Le Sirenuse is a particularly famous place to stay in Positano. It was featured in the 1994 movie Only You starring Marisa Tomei and Robert Downey Jr. At Le Sirenuse the view will cost you more than 800 Euros. The better view you'll have while eating breakfast on your terrace is just 170 Euros a night (2007 prices). The location seems perfect for walking and exercise. There are only stairs up to Villa Rosa, but a porter will be happy to run back and forth to bring your luggage to your room. They can find a parking spot for your car. The staff is very friendly and helpful (and very strong). It takes 15-20 minutes to walk to the beach, and along the way are the shops and restaurants. It's all steps and stairs to the beach so bring appropriate shoes. (The best way to enjoy Le Sirenuse might be on the way back from the beach. Stop in and have a glass of spumate in the pool lounge area. While we were sipping, an invitation-only fashion show started, and they invited us to stay.)

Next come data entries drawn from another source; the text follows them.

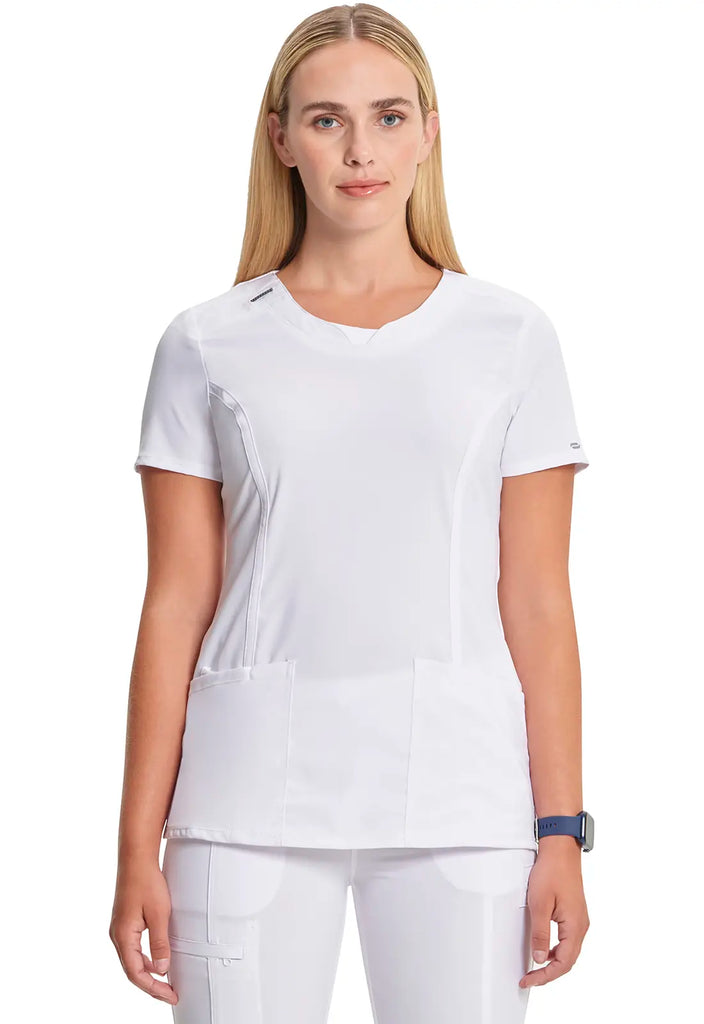 Infinity Scrubs Round Neck Top White | scrub-supply.com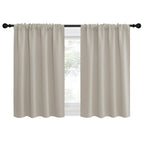 NICETOWN Blackout Curtains for Living Curtains, Room Darkening Window Curtain Panels, Easy-Care Solid Thermal Insulated Draperies/Drapes for Daughter Room (Natural, 2 Panels, 34 by 36)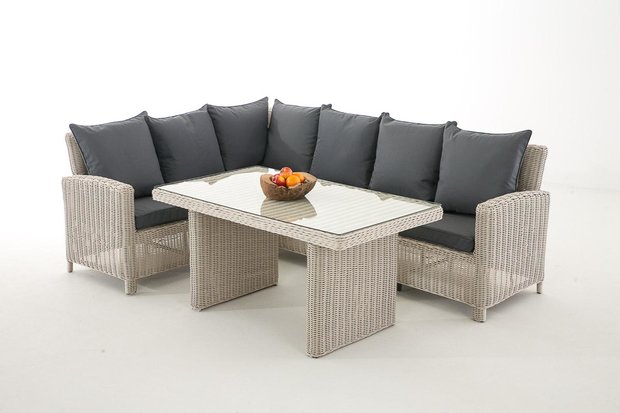 Lounge Dining Set Bormee 5mm perlWit,eisenGrijs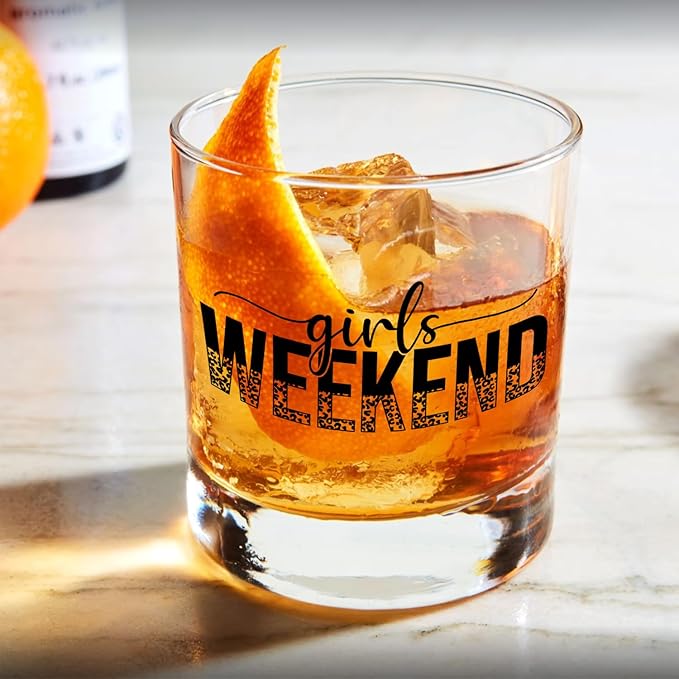 Girls Weekend Gifts Whiskey Glasses 10 oz, Girls Trip Gifts Favors Old Fashioned Rocks Glasses Cup for Vacation Friendship Party Drinking Scotch Bourbon Liquor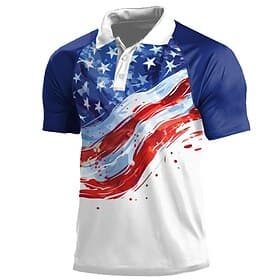 4th of July 2026 250th Men's Veterans Patriotic Polo Shirts Short Sleeve Polo Shirts Turndown Casual Daily Beach Street Holiday 3D Spring  Summer White Red Nav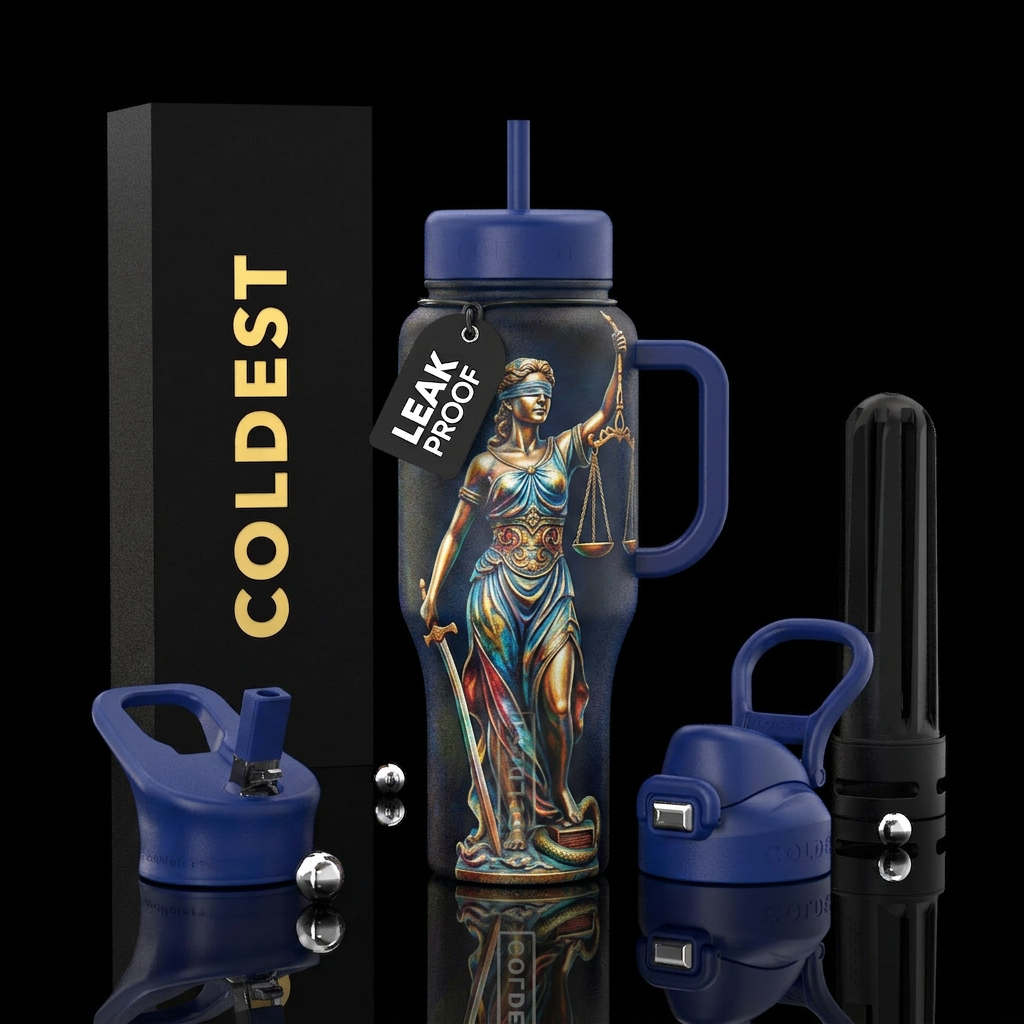 Blind justice water bottle design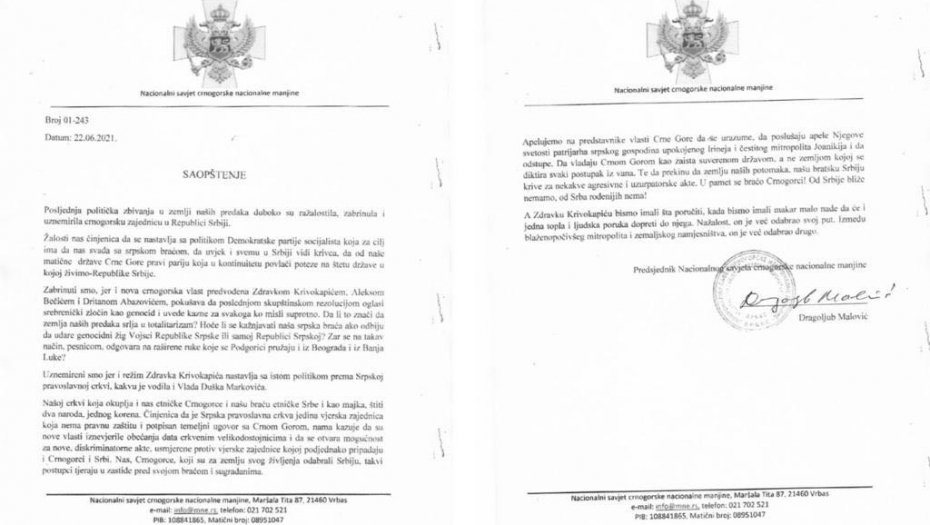 Dragoljub Malović: Apelujem na predstavnike vlasti Crne Gore da odstupe!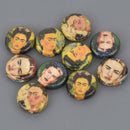 20mm Frida Kahlo Beads, paper mache coin, 5 beads, bwd0086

Villa Nettuno. It is clean and low-budget, with spectacular views of the sea. A brother and sister run the place, and if you're lucky, you'll even meet their mother. The entrance is hard to find, but once you see the little sign, you'll climb up several flights of narrow stairs. If you go in spring, you'll take in the intoxicating aroma of wisteria along with the unforgettable views. The place gets a little spooky late at night, but that only adds to its charm.
Villa Gabrisa Positano – Via Pasitea, 219/227 . Telephone +39 089 811498 • Fax +39 089 811607. An ancient holiday home dedicated to the Rispoli family, today turned into a four star hotel of Positano with only nine guestrooms offering a fantastic view on the Mediterranean Sea. The Villa Gabrisa Hotel also presents its own restaurant Da Gabrisa, where one can enjoy the southern delicious cousine and the genuine wine of the Campania region.

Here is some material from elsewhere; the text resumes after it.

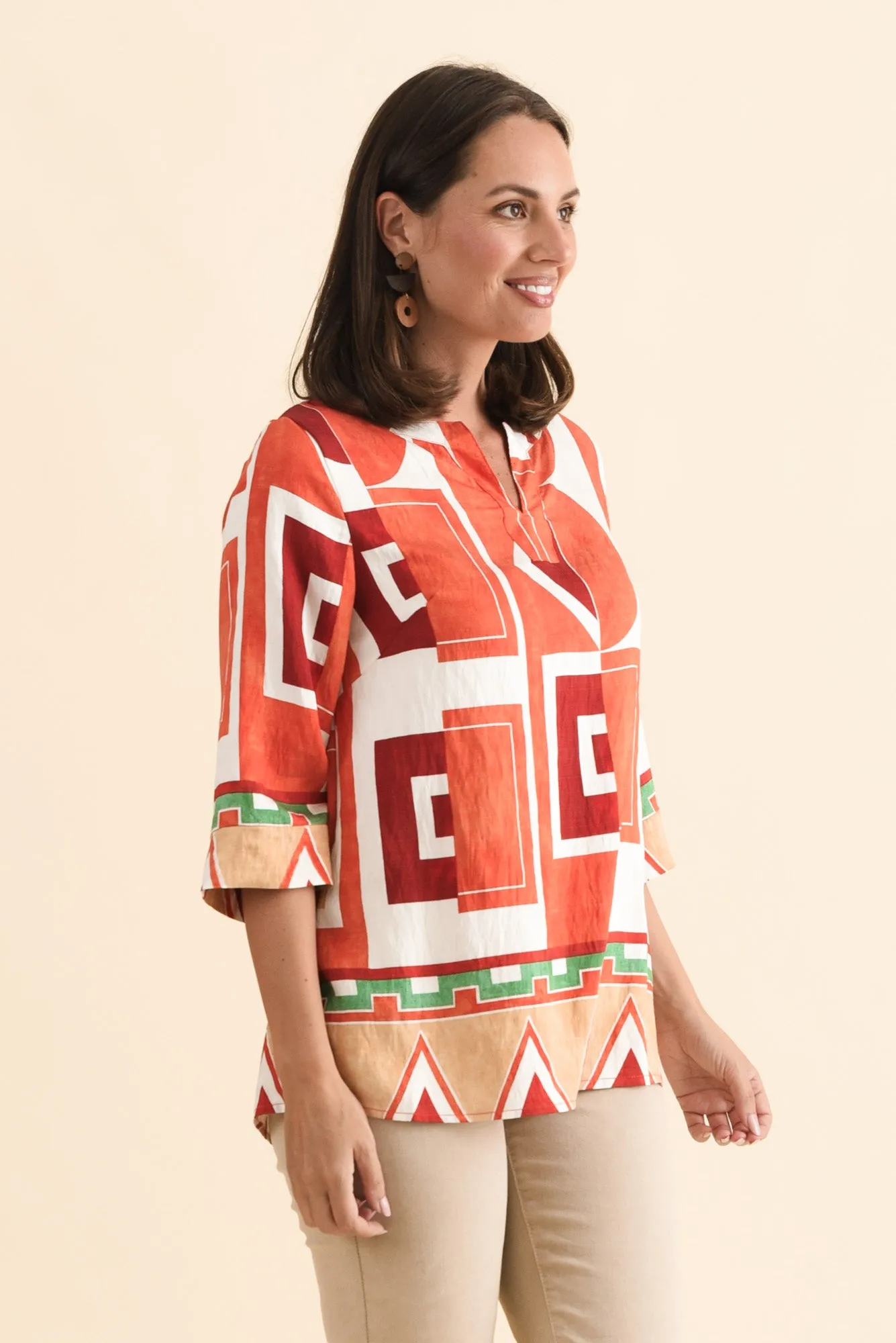 Maddox Orange Geo Cotton Blend Top sold by Blue Bungalow product image thumbnail 3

Villa Giusy Positano – Vicolo Vito Savino, 17 - Cap: 84017, Positano, Italy. . Telephone +39 06 64520553 • Fax +39 06 64520553. Cosy guest house of the lovely town of Positano with five bedrooms divided in singles, doubles and twins. All with private bath and a fantastic see view. Some, also with fireplace. Terrace, bar, dinning room and kitchen are the common areas of this self catering guest house of Positano. The rooms can be booked for a week and also for a month.
Villa Rosa is one of the best hotel bargains on the entire Amalfi Coast. Perched on a steep hillside, all of the 150-year-old villa's rooms overlook the beach and the spectacular Mediterranean water beyond. Rooms have private terraces (filled with flowers) overlooking the sea. For best views, make sure to get a room on the second or third floor.

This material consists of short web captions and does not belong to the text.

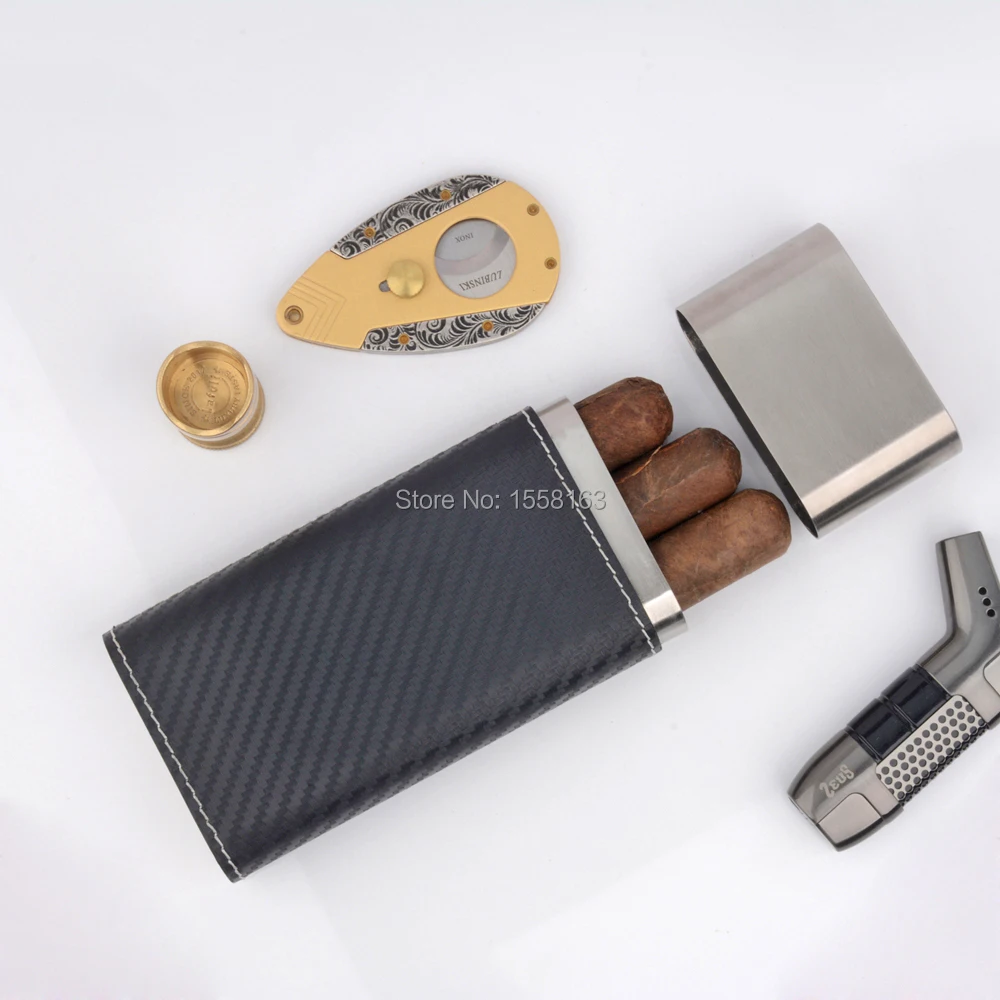 

100% Original Stainless Steel Cigar Case Carbon Fiber Wraped Cigar Holder Holds 3 Cigars Humidor 54 R Box Smoking Accessory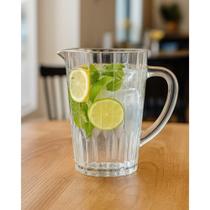 Jarra de vidro zaira transparente 1250ml canelada com alça para suco chá água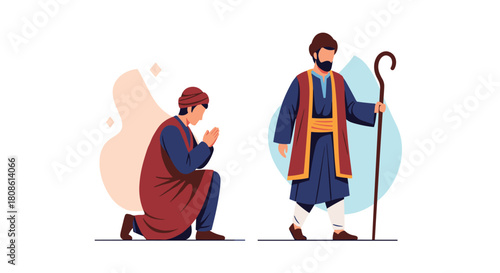 Biblical scene showcasing faith and tradition with a shepherd holding staff, symbolizing guidance and spiritual journey in serene vector art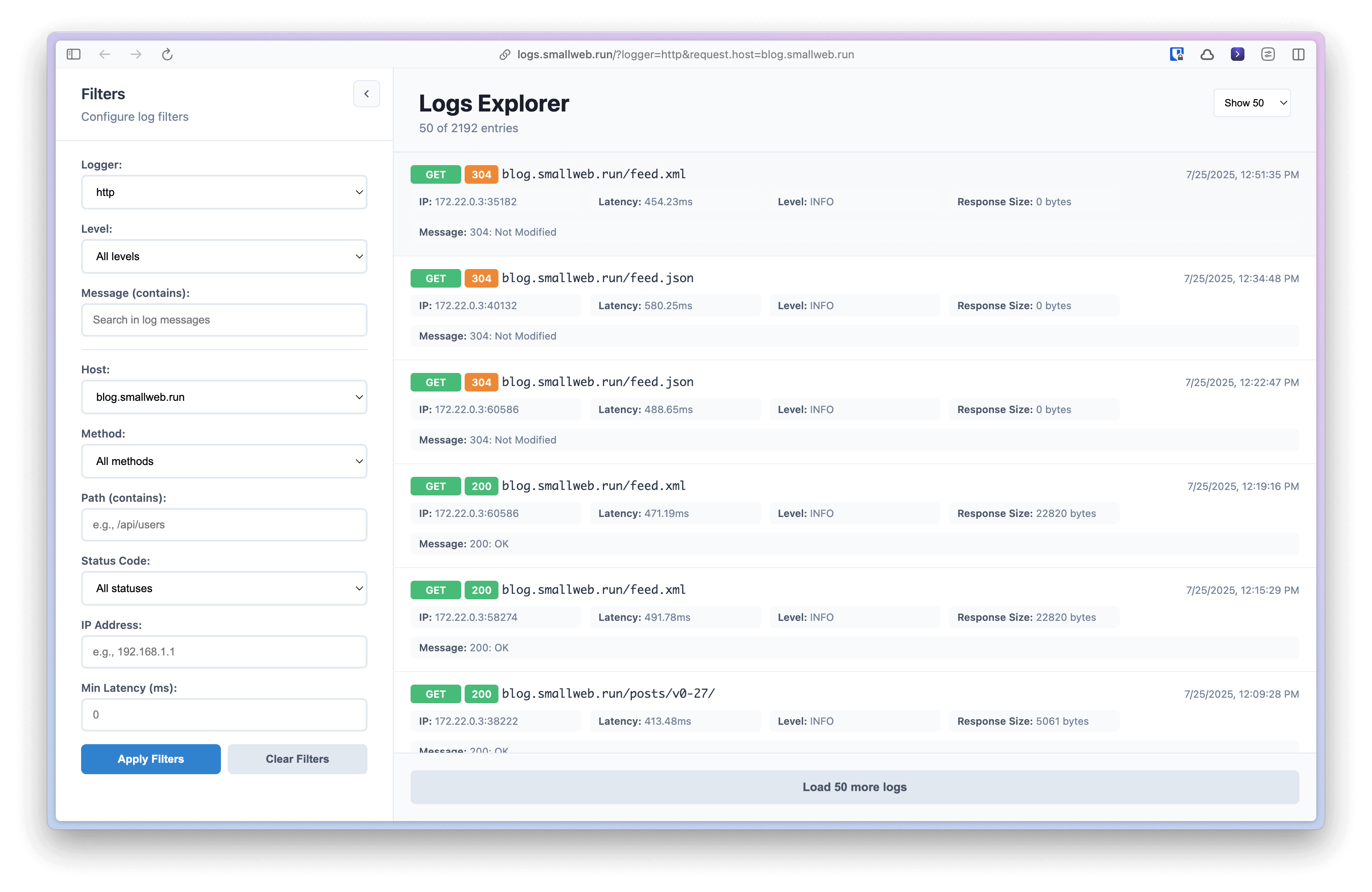 screenshot of a log explorer distributed as a smallweb app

Nocelle B&B. A warm, Italian welcome awaits you at this small B&B, situated in the village of Nocelle, perched on the mountainside a pleasant 20-minute drive or bus journey above the coastal resort of Positano. Apart from Italian, the host speaks English and German. For further information visit http://ninobb.moonfruit.com
Take the local bus to Montepertuso which leaves from the church. From there you need to find a small steep path uphill. The mountains along the Amalfi Coast have a hidden and unknown network of public footpaths and long stairs criss crossing the lemon teraces, from Montepertuso you will be able to walk to Santa Maria, a small church high up, and back down to Positano. This will give you stunning views down the coast featuring Capri, Positano and the sea. In springtime all sorts of rare spices and flowers grow between cypress trees. Make sure you get a map of some kind showing the footpaths since you WILL get lost without.
Julian Tippett has published a nice walking guide book for the area in the "Sunflower Countryside Guides" series.